I am writing this article on our way to our happy place in the South Island of New Zealand. This must be our tenth or twelfth visit to this region, but it has been nearly three years since we have visited. I miss our mountains and lakes.
Despite having been so often we have never been tempted to buy property in the locale, though we have had plenty of opportunities to do so. We first visited Wanaka for example in 1986, when you could buy lakefront property for way less than a suburban bedsit in Wollongong.
Other than it just being not on our agenda, the major reason has been that this is a “sometimes” thing for us, we have no aspirations to move here though we could live comfortably and happily quite easily. We prefer to treat our albeit regular visits as just that, a visit which we enjoy immensely, that is an enjoyable experience, but one which we look forward to before our departure, and look back fondly on our return home. It is not a permanent thing.

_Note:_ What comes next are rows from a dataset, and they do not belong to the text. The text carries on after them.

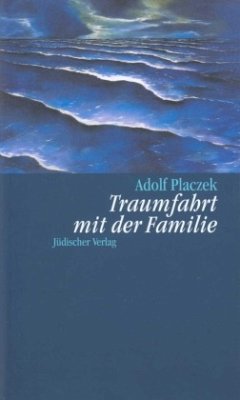 Traumfahrt mit der Familie - Placzek, Adolf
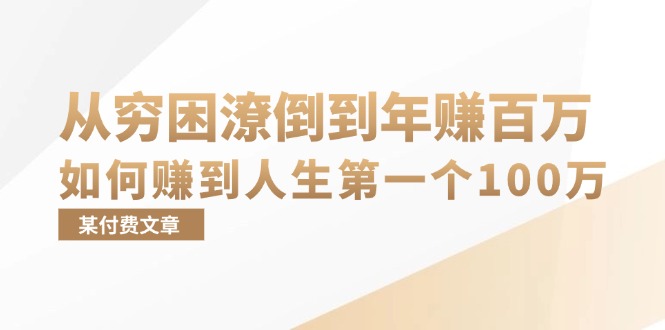 某付费文章：从穷困潦倒到年赚百万，她告诉你如何赚到人生第一个100万-91创业项目库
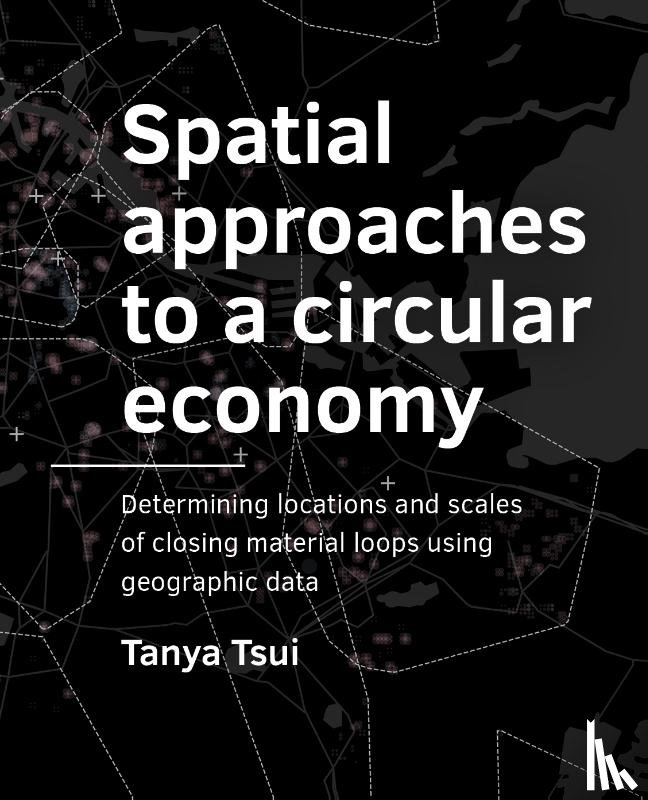 Tsui, Tanya - Spatial approaches to a circular economy
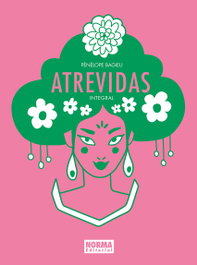 Atrevidas. Edición integral, Pénélope Bagieu - NORMA EDITORIAL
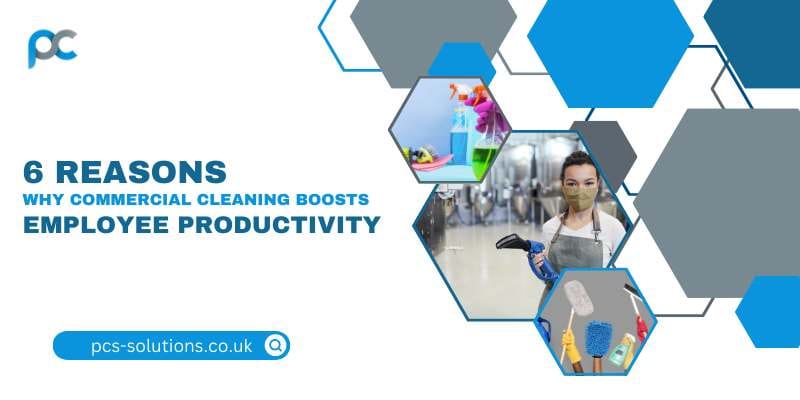 6 Reasons Why Commercial Cleaning Boosts Employee Productivity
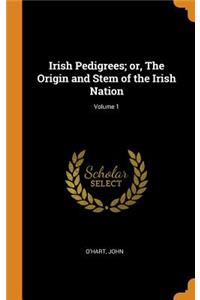 Irish Pedigrees; Or, the Origin and Stem of the Irish Nation; Volume 1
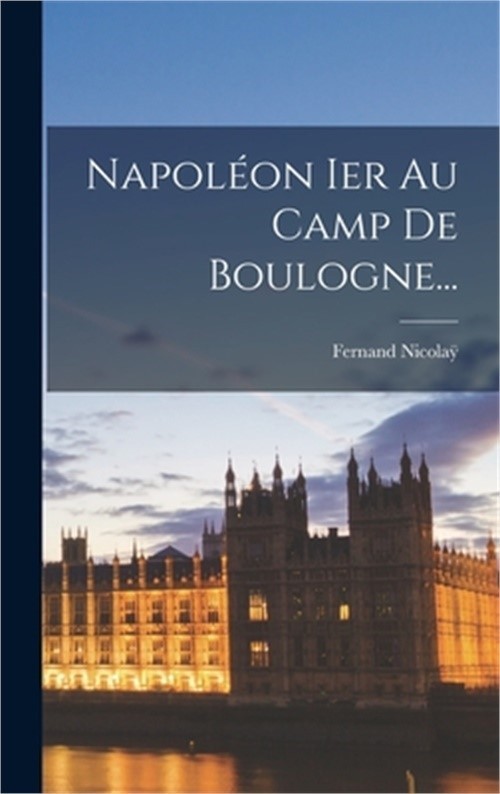 Napol�on Ier Au Camp De Boulogne... (Hardback or Cased Book)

Good friends of ours purchased rural acreage many years ago, and consistently spent EVERY weekend there. One of their children now calls the farm home.
The point of all of this ramble is that you don’t have to own a little piece of paradise to enjoy it. If as we do with New Zealand, your visits are short and intermittent it usually makes more sense economically to either rent a place, or stay in a hotel, regardless of the expense. Ownership of property anywhere in the world usually costs much more than a weeks accommodation in the finest hotel in town, simply because you are not paying for the hotel room all year, whether you are staying there or not. On the other hand, the more regular your visits become, the more viable it is to purchase a property in your Happy Place. Long days spent looking in the Real Estate agents window will not help you to make the right decision, some time with a calculator and a pen can often help. An independent viewpoint from a friend or trusted adviser can also be of benefit, it takes the emotion out of it.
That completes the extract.